Prisoners, Parliament et une interdiction – The human rights roundup

18 April 2011 by

It’s time for the human rights roundup, a regular bulletin of all the law we haven’t quite managed to feature in full blog posts. The full list of links, updated each day, can be found here.

by Graeme Hall

In the news:

Prisoner voting remains in the headlines and given that the European Court of Human Rights has refused the UK government’s request to reconsider Greens and MT v UK, it’s not going to stray far. Benn Quinn, writing in the Guardian, notes that the UK is one of very few signatories to the Convention on Human Rights which has a blanket ban; a point picked up by Adam Wagner in his recent post.

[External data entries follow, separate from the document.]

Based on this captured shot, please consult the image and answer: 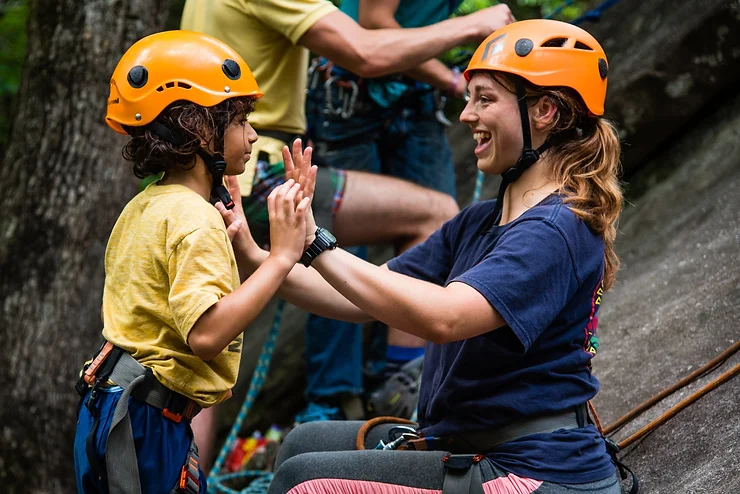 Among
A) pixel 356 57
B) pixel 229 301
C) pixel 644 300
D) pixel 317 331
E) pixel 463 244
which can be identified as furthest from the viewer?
pixel 317 331

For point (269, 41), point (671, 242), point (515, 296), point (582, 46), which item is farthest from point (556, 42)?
point (671, 242)

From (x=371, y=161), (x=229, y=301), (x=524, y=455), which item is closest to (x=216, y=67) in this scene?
(x=229, y=301)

Strasbourg’s refusal to reconsider means that a blanket ban on prisoner voting amounting to a human rights violation is now a final decision. The Law and Lawyers blog reports that whilst it is disappointing Strasbourg did not give reasons for its refusal (an issue discussed in detail by Dr Ed Bates), the UK government’s reaction is awaited with interest; particularly as it takes the reins of the Council of Europe this October.

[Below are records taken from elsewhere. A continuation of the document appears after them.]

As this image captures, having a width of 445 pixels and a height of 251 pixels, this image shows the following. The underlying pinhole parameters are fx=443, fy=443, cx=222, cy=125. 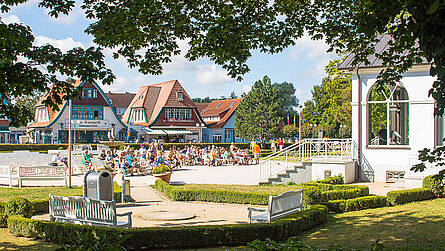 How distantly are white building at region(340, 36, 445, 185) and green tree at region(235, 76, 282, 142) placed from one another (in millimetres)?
41276

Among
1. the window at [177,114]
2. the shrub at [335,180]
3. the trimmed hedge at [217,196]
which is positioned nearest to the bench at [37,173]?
the trimmed hedge at [217,196]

Chris Morris, in an interesting article for the BBC, reports that a major reason for the negative reaction to this judgment and other similar judgments is that they have emanated from international courts prefixed with the word “European”.  However, as The Lawyer notes, the UK judiciary and parliament’s relationship is at the very least becoming more fraught and the Inforrm blog, shedding some light on the number and types of privacy injunctions currently before the High Court, reminds us of the UK judiciary’s continued difficult relationship with the media.

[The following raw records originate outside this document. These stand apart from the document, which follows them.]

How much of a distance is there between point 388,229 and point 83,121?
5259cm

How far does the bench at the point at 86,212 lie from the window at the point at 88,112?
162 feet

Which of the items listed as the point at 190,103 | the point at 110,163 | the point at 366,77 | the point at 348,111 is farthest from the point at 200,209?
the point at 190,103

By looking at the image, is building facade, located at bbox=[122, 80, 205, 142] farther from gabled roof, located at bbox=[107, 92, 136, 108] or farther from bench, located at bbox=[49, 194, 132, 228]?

Further, as Rosalind English reports, the UK judiciary’s relationship with the Strasbourg judiciary is not always plain sailing. Perhaps, as Geoffrey Robertson QC argued in the Mail Online, a British Bill of Rights is the best way forward?

While on the subject of blanket bans and the Strasbourg court, Joshua Rozenberg concludes that the Strasbourg court would find France’s ban on women wearing the burqa to be a human rights violation. The Human Rights in Ireland blog as well as Halsbury’s Law Exchange offer comprehensive analyses of this ban. See also our cross-post from Eoin Daly.

In the courts:

H and L v A City Council [2011] EWCA Civ 403 (14 April 2011) : Local authority’s disclosure of sex offender’s conviction to charities he worked with was unlawful as he didn’t work with children

Inzunza & Ors v United States of America & Ors (Rev 1) [2011] EWHC 920 (Admin) (14 April 2011): Extradition of 3 criminal suspects (2 of murder, 1 drug dealing) would not be inhuman & degrading punishment contrary to Article 3 ECHR

Moos & Anor, R (on the application of) v Police of the Metropolis [2011] EWHC 957 (Admin) (14 April 2011): High court: Police “kettle” (containment” of Climate Camp protesters on 1/4/09 was unnecessary and unlawful. Tactics “unduly inflexible” and used “unjustified force”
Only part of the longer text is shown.